When crafting a felony sentence, Judges in Alabama have several options, including suspended sentences, split sentences, or sentences to serve time in prison. The Judge's options depend on the charge. For instance, sex offenses involving a child are ineligible for a split sentence. For this week's tip, we will focus on Split sentences on class A and B felonies and a way the Judge can sentence a defendant to a split sentence without the person serving prison time.
Normally, if a person is ordered to serve a split sentence, then the person must serve straight time (day for day). For a sentence of 15 years or less a Judge can split a sentence up to 3 years. Put simply, the Judge cannot give someone more than 3 years to serve on a 15 year split. For a sentence of more than 15 years but less than 20 years, the Judge can sentence someone to serve a split up to 5 years and not less than 3 years. Again, in plain terms, for a 20 year sentence that means a defendant can get 3 to 5 years.

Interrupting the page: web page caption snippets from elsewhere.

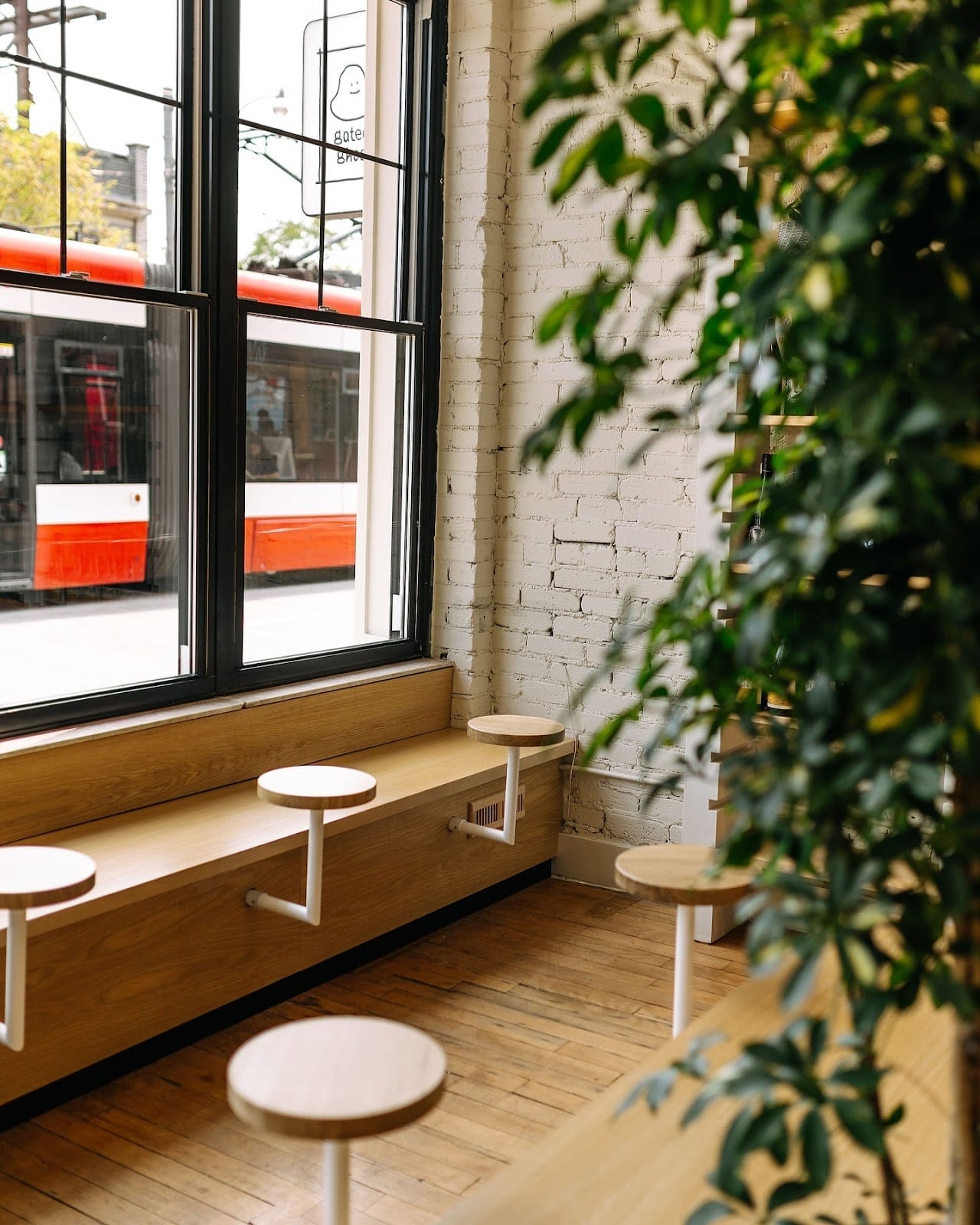 Cutest Brunch Spots in Toronto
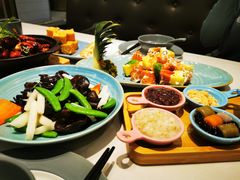 -鹿港小镇(悠唐店)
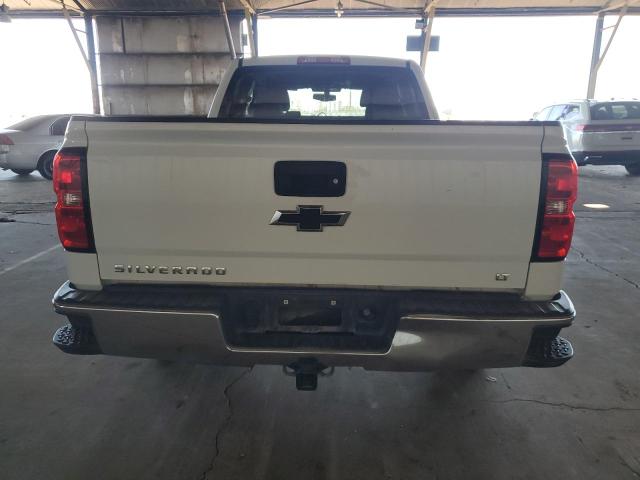 Photo 6 from auction – 2018 CHEVROLET SILVERADO with VIN 1GCRCREC1JZ270521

Fortunately, there is a provision in the Split Sentencing Act that gives Judges the discretion to suspend the minimum period of confinement (the day for day time discussed above) and place a defendant on probation. See Ex Parte McCormick, 932 So. 2d 124 (Ala. 2005). This means, even on a split sentence, there is a chance the Court will allow the defendant to go on probation on the front end, and assuming there are no violations, stay out on probation.